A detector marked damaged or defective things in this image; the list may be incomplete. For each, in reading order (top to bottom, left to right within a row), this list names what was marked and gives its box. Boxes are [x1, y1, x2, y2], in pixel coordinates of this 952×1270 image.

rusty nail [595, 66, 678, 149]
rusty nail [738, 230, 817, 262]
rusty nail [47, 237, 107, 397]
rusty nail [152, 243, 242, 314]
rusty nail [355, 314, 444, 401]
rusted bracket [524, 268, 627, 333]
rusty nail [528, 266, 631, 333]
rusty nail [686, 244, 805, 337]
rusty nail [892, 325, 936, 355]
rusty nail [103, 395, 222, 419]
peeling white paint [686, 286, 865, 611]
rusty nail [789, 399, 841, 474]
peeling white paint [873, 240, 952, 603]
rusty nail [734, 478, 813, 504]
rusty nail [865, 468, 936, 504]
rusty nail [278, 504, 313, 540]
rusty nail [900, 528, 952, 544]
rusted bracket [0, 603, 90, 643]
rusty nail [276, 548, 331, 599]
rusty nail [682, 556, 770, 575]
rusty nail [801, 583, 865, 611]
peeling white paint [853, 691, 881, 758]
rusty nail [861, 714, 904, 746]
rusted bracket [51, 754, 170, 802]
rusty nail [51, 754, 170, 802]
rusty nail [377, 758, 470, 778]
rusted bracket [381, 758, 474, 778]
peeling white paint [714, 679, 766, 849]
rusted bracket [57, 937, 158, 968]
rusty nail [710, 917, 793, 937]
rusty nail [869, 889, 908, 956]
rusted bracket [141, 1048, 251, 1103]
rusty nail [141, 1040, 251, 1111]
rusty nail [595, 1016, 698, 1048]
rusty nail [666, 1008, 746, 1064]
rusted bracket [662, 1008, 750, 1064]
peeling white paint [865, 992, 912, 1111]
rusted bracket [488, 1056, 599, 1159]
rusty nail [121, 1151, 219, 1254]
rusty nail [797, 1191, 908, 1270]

.....

What you will do – Repeat the lines above exactly.

Final answer –
A detector marked damaged or defective things in this image; the list may be incomplete. For each, in reading order (top to bottom, left to right within a row), this list names what was marked and gives its box. Boxes are [x1, y1, x2, y2], in pixel coordinates of this 952×1270 image.

rusty nail [595, 66, 678, 149]
rusty nail [738, 230, 817, 262]
rusty nail [47, 237, 107, 397]
rusty nail [152, 243, 242, 314]
rusty nail [355, 314, 444, 401]
rusted bracket [524, 268, 627, 333]
rusty nail [528, 266, 631, 333]
rusty nail [686, 244, 805, 337]
rusty nail [892, 325, 936, 355]
rusty nail [103, 395, 222, 419]
peeling white paint [686, 286, 865, 611]
rusty nail [789, 399, 841, 474]
peeling white paint [873, 240, 952, 603]
rusty nail [734, 478, 813, 504]
rusty nail [865, 468, 936, 504]
rusty nail [278, 504, 313, 540]
rusty nail [900, 528, 952, 544]
rusted bracket [0, 603, 90, 643]
rusty nail [276, 548, 331, 599]
rusty nail [682, 556, 770, 575]
rusty nail [801, 583, 865, 611]
peeling white paint [853, 691, 881, 758]
rusty nail [861, 714, 904, 746]
rusted bracket [51, 754, 170, 802]
rusty nail [51, 754, 170, 802]
rusty nail [377, 758, 470, 778]
rusted bracket [381, 758, 474, 778]
peeling white paint [714, 679, 766, 849]
rusted bracket [57, 937, 158, 968]
rusty nail [710, 917, 793, 937]
rusty nail [869, 889, 908, 956]
rusted bracket [141, 1048, 251, 1103]
rusty nail [141, 1040, 251, 1111]
rusty nail [595, 1016, 698, 1048]
rusty nail [666, 1008, 746, 1064]
rusted bracket [662, 1008, 750, 1064]
peeling white paint [865, 992, 912, 1111]
rusted bracket [488, 1056, 599, 1159]
rusty nail [121, 1151, 219, 1254]
rusty nail [797, 1191, 908, 1270]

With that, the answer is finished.